> _TASK REQUIREMENTS_: Please give the lines below again exactly as they stand, from the one that contains "Aloha Hawaii Ilima" up to and including the one that contains "TR90 Anti-Blaulicht Lesebrille", leaving all pictures out.

> _DATA_:
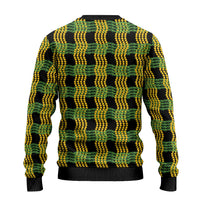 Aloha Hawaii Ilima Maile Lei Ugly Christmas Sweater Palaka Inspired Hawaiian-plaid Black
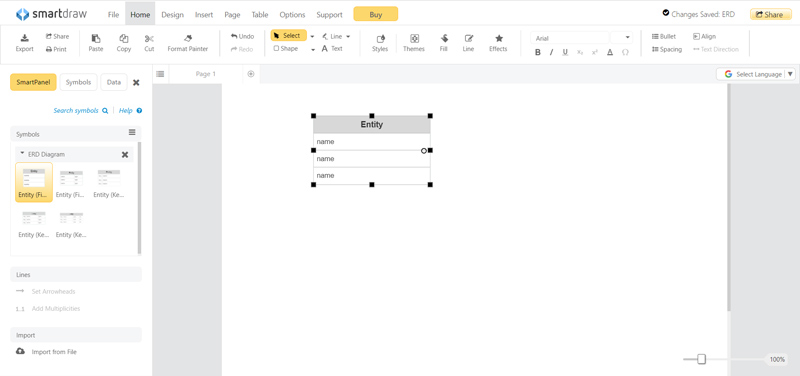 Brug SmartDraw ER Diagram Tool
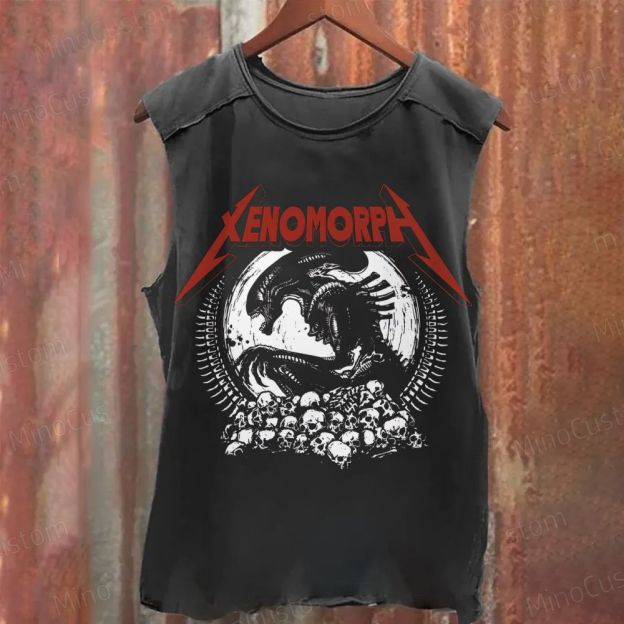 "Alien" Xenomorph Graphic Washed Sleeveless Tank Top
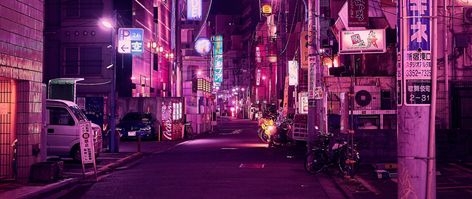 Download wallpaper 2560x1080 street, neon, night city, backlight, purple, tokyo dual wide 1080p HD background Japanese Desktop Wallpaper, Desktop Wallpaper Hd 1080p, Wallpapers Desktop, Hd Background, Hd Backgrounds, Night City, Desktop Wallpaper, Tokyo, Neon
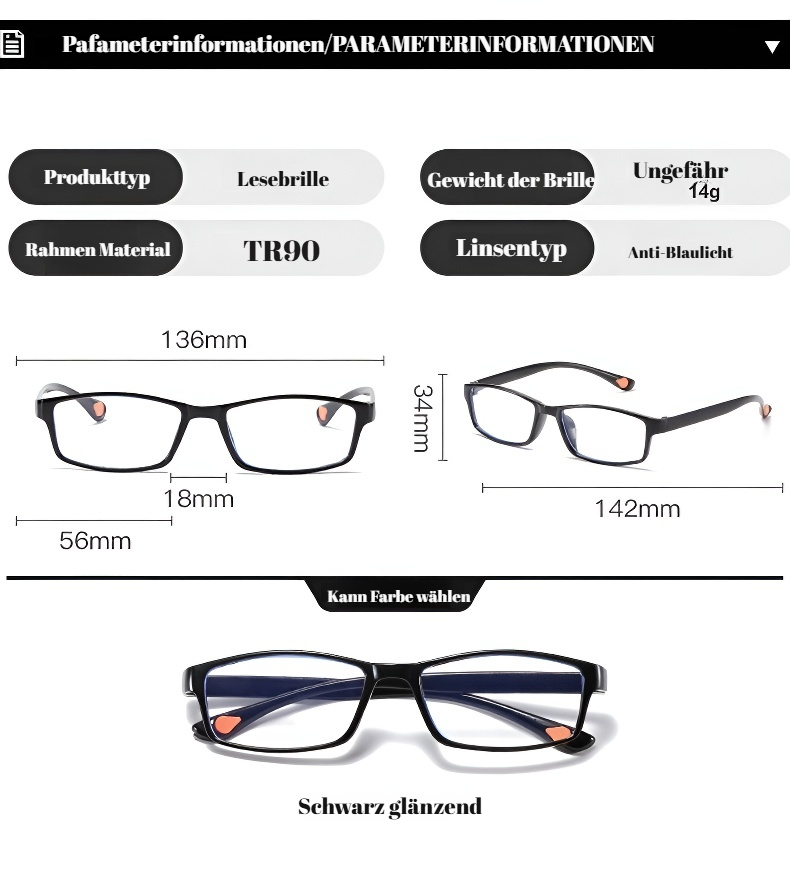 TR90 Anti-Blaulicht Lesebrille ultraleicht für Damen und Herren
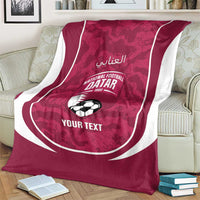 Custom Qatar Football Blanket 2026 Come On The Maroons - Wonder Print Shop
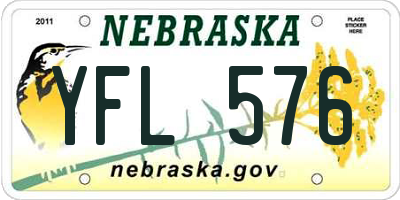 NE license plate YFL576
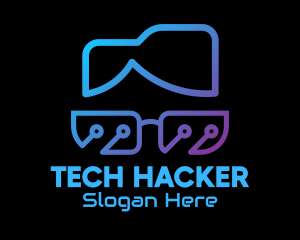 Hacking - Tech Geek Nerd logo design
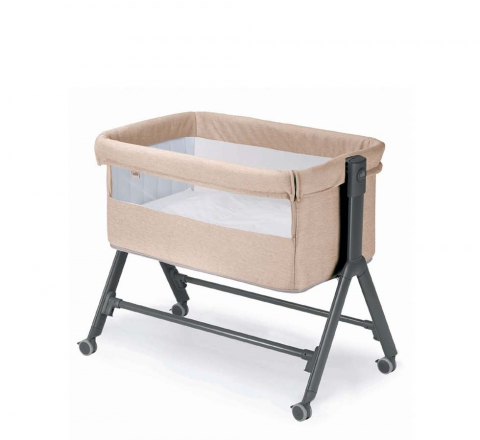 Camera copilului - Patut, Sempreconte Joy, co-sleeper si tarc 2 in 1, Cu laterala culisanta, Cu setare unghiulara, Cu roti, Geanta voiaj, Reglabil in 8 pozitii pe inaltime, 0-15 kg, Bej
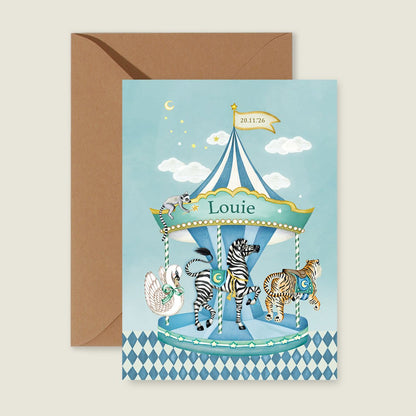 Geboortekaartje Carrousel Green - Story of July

==

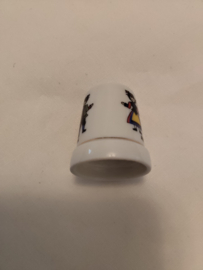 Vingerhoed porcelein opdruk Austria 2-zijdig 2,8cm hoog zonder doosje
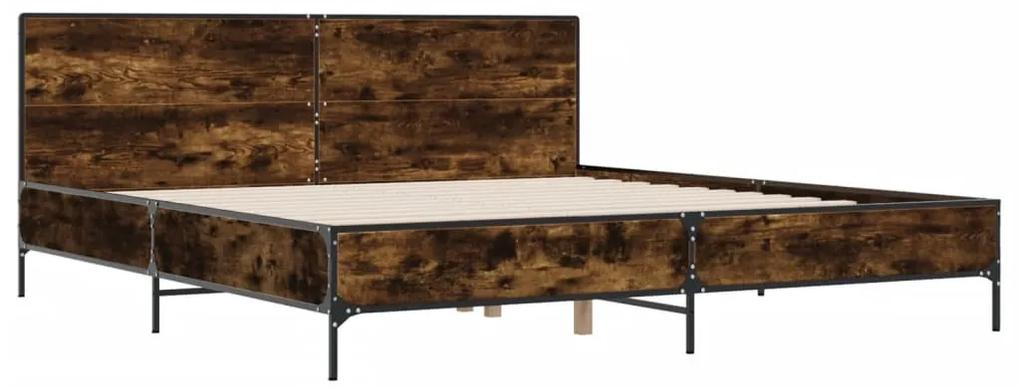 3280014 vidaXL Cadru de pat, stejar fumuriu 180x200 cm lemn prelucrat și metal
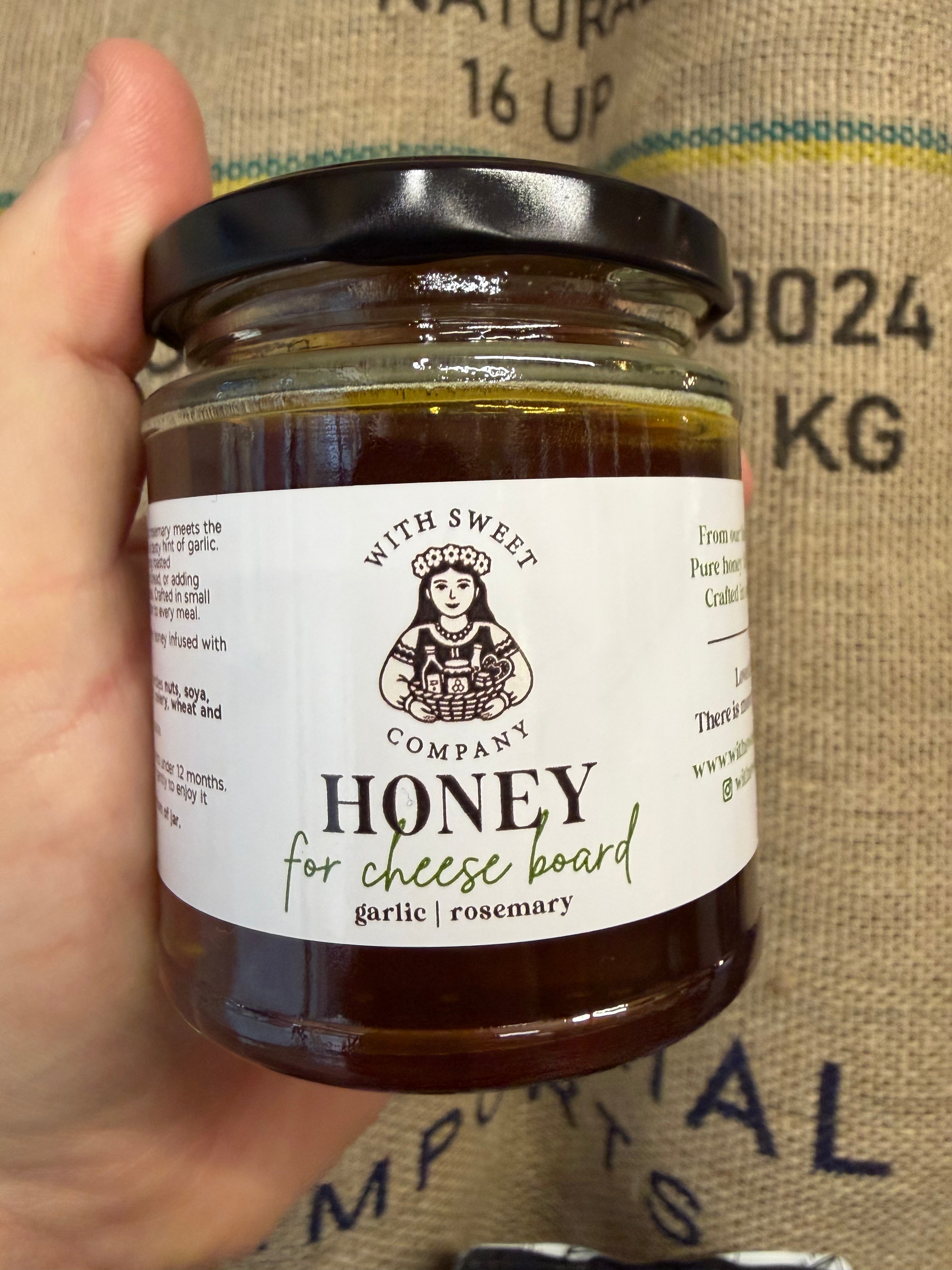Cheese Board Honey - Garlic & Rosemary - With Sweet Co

> _ANSWER TO THE EXERCISE_:
 Aloha Hawaii Ilima Maile Lei Ugly Christmas Sweater Palaka Inspired Hawaiian-plaid Black
 Brug SmartDraw ER Diagram Tool
 "Alien" Xenomorph Graphic Washed Sleeveless Tank Top
 Download wallpaper 2560x1080 street, neon, night city, backlight, purple, tokyo dual wide 1080p HD background Japanese Desktop Wallpaper, Desktop Wallpaper Hd 1080p, Wallpapers Desktop, Hd Background, Hd Backgrounds, Night City, Desktop Wallpaper, Tokyo, Neon
 TR90 Anti-Blaulicht Lesebrille ultraleicht für Damen und Herren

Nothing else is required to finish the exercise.